マクロン大統領、大幅な内閣改造を実施
(フランス)
パリ発
2018年10月18日
マクロン大統領は10月16日、ジェラール・コロン内務相が10月2日に辞任したことに伴い、4人の閣僚を解任、新たに8人を入閣させる大幅なフィリップ内閣の改造を実施した(表参照)。首相を除く34人の閣僚(副大臣も含む)のうち17人が女性で、民間人のエキスパートを15人と多く起用する前内閣の特徴をそのまま残した組閣となった。

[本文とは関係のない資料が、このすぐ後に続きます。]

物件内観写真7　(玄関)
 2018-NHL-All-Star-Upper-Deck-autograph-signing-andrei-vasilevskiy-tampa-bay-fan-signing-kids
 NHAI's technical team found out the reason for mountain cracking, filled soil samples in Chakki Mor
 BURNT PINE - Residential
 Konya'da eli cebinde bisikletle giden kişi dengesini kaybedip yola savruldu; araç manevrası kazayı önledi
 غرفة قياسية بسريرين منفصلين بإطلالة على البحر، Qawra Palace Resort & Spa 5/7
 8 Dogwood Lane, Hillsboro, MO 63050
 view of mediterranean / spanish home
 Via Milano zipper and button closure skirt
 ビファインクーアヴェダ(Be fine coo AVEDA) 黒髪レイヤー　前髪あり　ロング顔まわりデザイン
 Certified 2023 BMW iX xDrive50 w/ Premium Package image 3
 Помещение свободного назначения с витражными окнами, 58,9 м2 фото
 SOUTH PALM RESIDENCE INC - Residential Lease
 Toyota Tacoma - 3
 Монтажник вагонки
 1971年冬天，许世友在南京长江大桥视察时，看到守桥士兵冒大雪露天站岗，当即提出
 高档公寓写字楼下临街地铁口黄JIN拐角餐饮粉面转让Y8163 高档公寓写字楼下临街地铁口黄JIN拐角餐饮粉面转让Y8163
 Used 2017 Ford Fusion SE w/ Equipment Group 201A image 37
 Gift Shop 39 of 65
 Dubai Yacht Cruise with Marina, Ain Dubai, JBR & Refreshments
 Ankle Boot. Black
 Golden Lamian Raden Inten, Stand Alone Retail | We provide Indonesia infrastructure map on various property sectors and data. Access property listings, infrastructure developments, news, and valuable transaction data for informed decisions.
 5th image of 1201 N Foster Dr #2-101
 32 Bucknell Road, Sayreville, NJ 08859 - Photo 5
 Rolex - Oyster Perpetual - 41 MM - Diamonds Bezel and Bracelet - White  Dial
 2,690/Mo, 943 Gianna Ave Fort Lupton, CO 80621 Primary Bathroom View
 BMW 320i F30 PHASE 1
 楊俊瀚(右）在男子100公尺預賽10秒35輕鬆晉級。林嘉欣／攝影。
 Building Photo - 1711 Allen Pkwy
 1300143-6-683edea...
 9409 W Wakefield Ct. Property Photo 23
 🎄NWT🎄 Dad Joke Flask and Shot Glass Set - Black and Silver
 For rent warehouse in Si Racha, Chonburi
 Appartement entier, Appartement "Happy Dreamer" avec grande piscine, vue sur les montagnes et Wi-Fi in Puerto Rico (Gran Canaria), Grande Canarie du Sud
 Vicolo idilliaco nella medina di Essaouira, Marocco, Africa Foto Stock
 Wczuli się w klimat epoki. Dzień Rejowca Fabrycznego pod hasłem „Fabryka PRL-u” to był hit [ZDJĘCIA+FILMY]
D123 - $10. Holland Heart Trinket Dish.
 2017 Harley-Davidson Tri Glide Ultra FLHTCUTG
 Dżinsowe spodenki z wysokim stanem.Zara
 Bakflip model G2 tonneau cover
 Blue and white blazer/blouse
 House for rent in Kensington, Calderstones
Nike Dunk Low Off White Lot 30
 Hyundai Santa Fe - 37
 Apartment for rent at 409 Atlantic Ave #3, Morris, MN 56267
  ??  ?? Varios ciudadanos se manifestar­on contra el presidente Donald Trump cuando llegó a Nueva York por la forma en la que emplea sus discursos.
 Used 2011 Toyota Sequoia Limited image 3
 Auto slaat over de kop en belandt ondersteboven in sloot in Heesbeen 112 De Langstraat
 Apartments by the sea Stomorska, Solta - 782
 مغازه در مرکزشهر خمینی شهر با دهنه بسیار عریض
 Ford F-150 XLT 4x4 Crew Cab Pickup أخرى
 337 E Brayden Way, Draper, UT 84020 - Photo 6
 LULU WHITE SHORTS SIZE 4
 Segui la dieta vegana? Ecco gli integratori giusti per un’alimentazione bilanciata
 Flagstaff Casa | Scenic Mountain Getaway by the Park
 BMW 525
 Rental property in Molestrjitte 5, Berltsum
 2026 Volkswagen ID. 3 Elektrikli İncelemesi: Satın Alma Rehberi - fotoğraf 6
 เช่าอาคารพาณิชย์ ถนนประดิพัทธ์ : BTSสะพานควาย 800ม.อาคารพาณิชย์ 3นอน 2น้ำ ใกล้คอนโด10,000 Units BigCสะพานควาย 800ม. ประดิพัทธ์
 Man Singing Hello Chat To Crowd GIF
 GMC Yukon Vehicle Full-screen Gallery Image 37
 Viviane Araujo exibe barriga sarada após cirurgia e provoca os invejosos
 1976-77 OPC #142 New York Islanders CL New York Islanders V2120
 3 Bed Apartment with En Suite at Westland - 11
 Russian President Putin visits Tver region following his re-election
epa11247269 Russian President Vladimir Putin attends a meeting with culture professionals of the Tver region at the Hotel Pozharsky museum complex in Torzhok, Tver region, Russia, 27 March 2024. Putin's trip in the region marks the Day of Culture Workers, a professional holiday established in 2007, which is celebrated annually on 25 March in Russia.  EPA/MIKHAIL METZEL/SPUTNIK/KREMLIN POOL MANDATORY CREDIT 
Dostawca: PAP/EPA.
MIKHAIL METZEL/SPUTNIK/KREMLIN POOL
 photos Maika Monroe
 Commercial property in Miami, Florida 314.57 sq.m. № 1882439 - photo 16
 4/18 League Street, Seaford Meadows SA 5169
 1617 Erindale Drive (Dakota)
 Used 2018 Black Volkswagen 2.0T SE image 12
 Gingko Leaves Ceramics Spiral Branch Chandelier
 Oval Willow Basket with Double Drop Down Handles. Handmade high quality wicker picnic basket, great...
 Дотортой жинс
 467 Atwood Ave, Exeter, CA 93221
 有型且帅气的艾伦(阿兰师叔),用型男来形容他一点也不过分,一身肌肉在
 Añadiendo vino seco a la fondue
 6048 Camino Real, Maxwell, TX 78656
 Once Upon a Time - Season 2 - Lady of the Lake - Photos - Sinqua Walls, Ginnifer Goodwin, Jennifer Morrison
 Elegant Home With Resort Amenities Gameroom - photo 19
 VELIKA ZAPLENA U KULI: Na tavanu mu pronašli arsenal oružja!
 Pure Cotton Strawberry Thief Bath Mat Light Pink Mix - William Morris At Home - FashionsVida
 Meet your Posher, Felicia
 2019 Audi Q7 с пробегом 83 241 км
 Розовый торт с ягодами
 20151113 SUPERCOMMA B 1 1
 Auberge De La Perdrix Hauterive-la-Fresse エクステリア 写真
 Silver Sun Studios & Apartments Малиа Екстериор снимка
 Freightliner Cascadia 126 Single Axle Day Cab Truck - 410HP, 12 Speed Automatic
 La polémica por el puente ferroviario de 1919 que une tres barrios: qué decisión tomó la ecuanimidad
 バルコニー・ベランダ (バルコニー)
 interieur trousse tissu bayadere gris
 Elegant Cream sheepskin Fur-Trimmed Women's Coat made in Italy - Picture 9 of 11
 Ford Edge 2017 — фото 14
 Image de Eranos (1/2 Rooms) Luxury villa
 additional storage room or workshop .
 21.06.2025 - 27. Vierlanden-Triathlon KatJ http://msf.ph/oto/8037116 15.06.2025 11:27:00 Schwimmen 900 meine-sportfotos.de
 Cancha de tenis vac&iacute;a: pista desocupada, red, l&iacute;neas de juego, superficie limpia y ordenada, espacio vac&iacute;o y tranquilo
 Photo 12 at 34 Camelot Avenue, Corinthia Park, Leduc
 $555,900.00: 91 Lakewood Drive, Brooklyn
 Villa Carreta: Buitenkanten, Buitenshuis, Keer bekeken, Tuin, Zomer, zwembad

コロン氏の後任の内務相には、政権与党・共和国前進の党首で、マクロン大統領の信任が厚いクリストフ・カスタネール前国会関係担当副大臣を任命した。農業・食料相にディディエ・ギヨーム元社会党議員(左派)、文化相にフランク・リステール元共和党議員(右派)、国会関係担当相にマルク・フェノー民主運動(MoDem)議員(中道)を起用、超党派内閣としてバランスを重視した。
また、MoDem出身のジャクリーヌ・グロー前内務相付副大臣を、国土団結・地方自治体関係相に昇格させた。親EU色の強いMoDemとのつながりを強めることで、2019年5月の欧州議会議員選挙に向け、地歩を固めたい意向があるものとみられる。
マクロン大統領は10月16日夜、国民向けにテレビ・ラジオを通じて、内閣改造人事について説明した。その中で、構造改革に対する国民の「いらだちを理解している」としつつ、改革により「国を強くすることが国民一人一人の生活の向上につながる」「政策路線に変更はなく、新内閣はこれまで実施してきた改革をさらに推進していく」ことを強調した。
マクロン大統領は、9月にもニコラ・ユロ環境連帯移行相の辞任を受け、小幅な内閣改造を実施したばかりだ(2018年9月11日記事参照)。大統領の支持率は、2018年7月の大統領側近による暴力事件を機に急落。10月5日に「レゼコー」紙が発表した世論調査によると、10月の支持率は2017年5月の大統領就任直後の45%より15ポイント低い30%となり、マクロン大統領の求心力の低下が目立っていた。